Fuck man, I would never have guessed you would ever be like that. Glad you're better bro. You should get into streaming.
I find a lot of peace from cutting grass. I am very mechanically inclined, but I also struggle with really bad depression. My mood swings were bad, I listened to dark music and I mean dark and I struggles big time. Then I told my mom. She got me a lot of help, as she lost her brother to suicide many years ago. I'm glad someone made a video like this and I really hope you carry on. I'm now on medication and talk to someone, and am generally a happier person. We love you man. Stay strong.
Could you do a video on families can support someone in basic, then A school, etc. thanks. - Lisa
You know us fans appreciate this video very much. Means a lot you'll post something like this and talk to us on such a personal level. Glad to see everything is bueno.
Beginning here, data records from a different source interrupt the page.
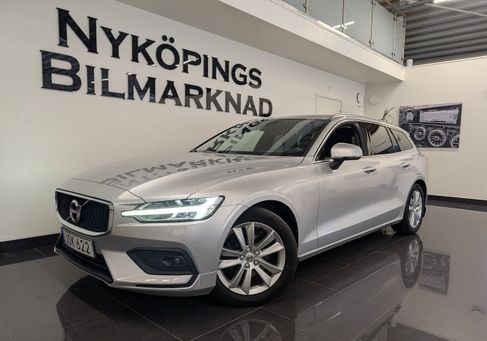 Volvo V60, 2019
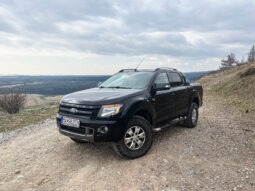 Ford Ranger Wildtrak 3.2 TDCi 147 kW
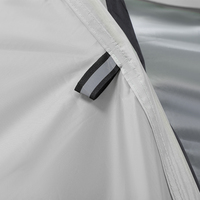 Tentes de camping en plein air spacieuses et faciles à installer pour le camping en famille, la randonnée et la pêche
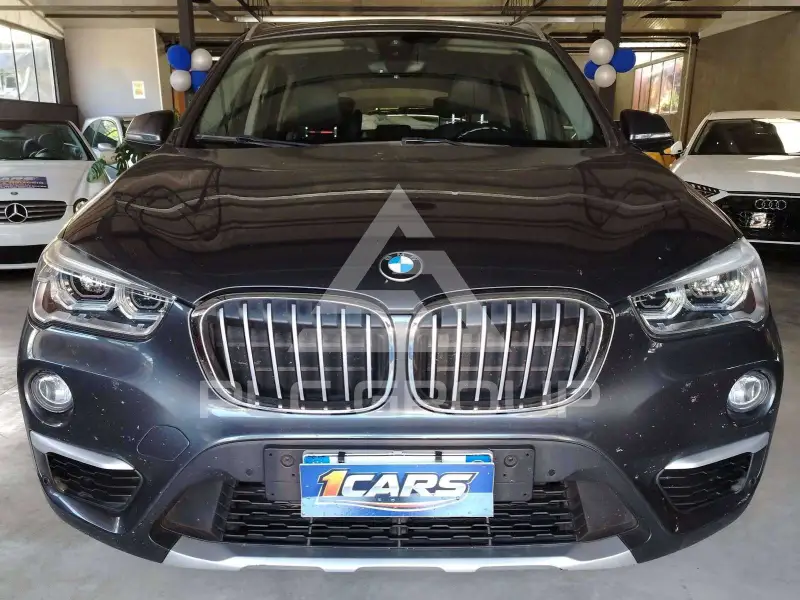 2018 BMW X1
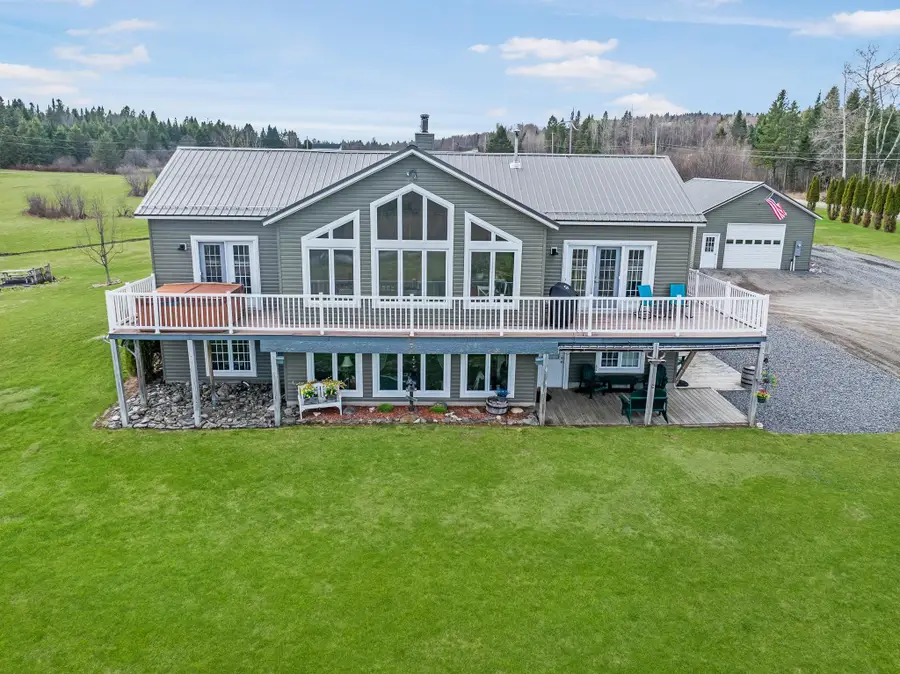 794 Reed Road, Colebrook, NH 03576 - #2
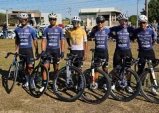 Equipe de ciclismo de Taubaté conquista título e cinco pódios no 2º Tour de São Francisco do Itabapoana
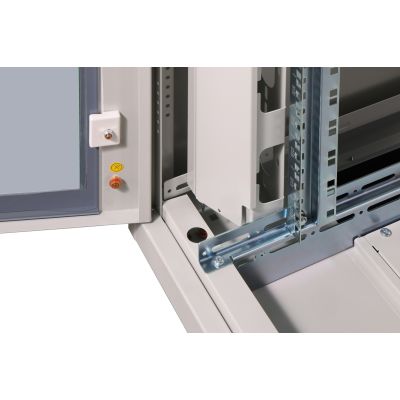 3. Digitus Unique Netzwerkschrank - 800x1000 mm (BxT)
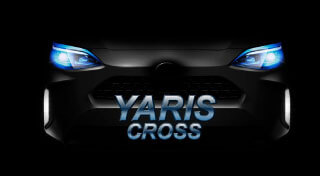 ヤリスクロス（10系）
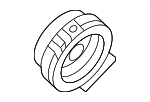 GS3L66960 - Body: Windshield Pillar Speaker for Mazda Image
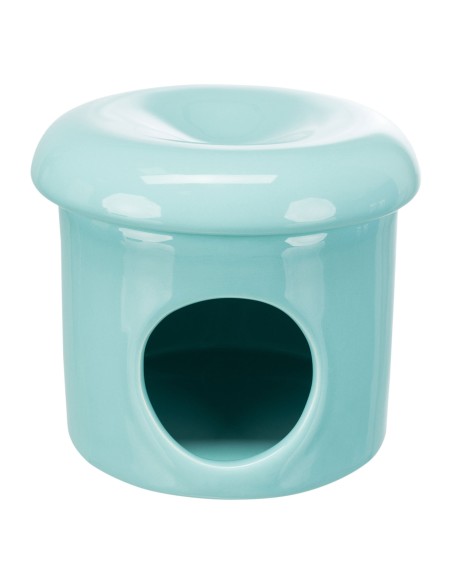 Casa de Cerámica - Pack de 3 unidades turquesa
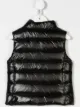 الصورة 2 من Moncler Kids سترة ghany بلا بأكمام مبطنة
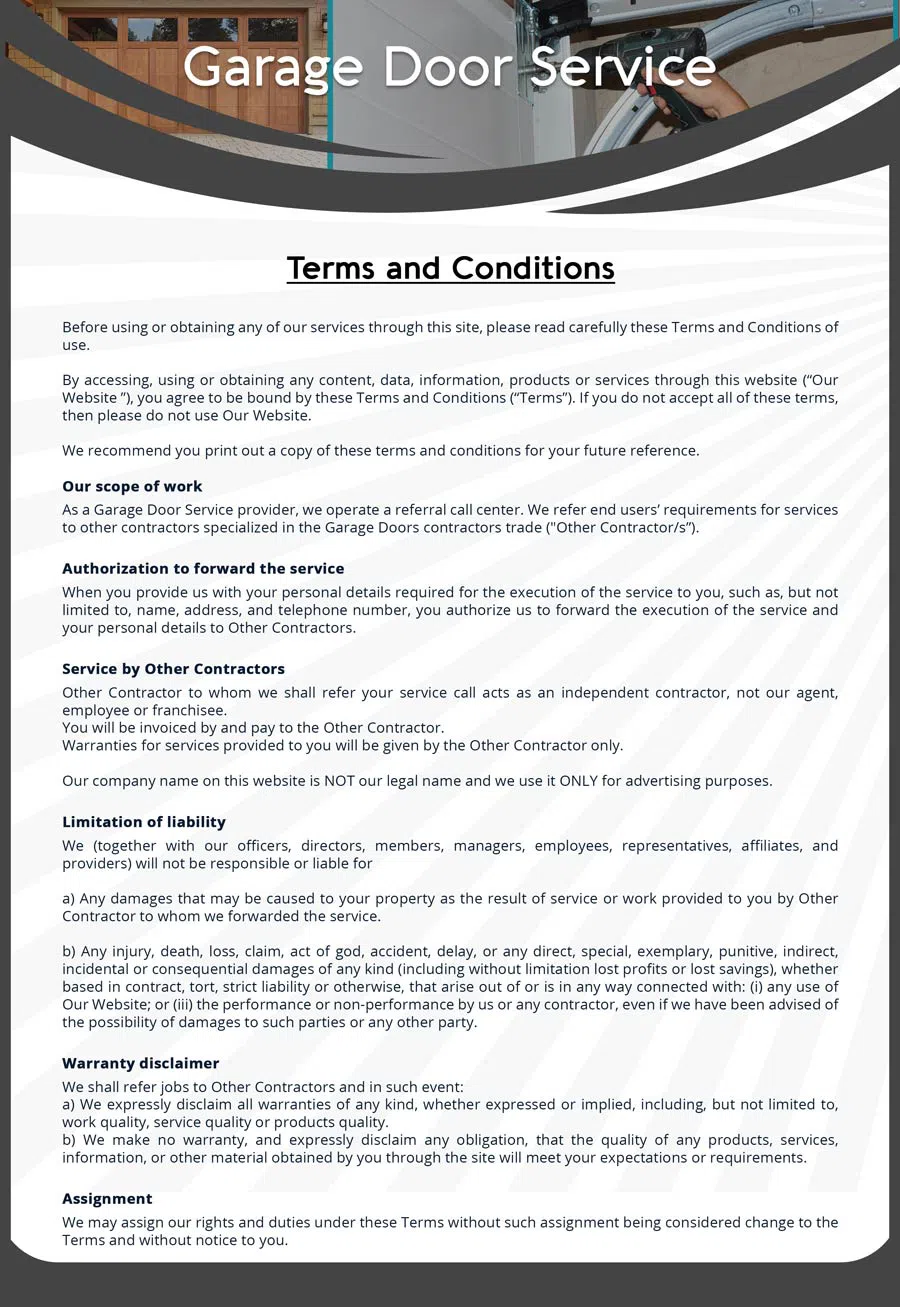 United Garage Door Service San Ramon, CA 925-420-0809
JT!!!lets play xbox papi! Lets run sh*t on call of duty
I hope you’re doing well Brother
Hey JT! Just so you know I've had infantiago (not sure if I've spelled it right) once before. I had it in high school and it got pretty bad and I wasn't allowed to put makeup on it and had to take school pictures :/ I totally get it man it sucks. It covered almost my whole face as well and I have to remember my freshman picture that way :/... no bueno my friend. I'm glad you've gotten help! I've personally never been deployed I will be enlisting next year but i thank you for your service. I know it's hard and I'm glad you found someone to help you! I suffered from PTSD but from a different experience! I got through it with the help of the Lord :) thanks man for sharing!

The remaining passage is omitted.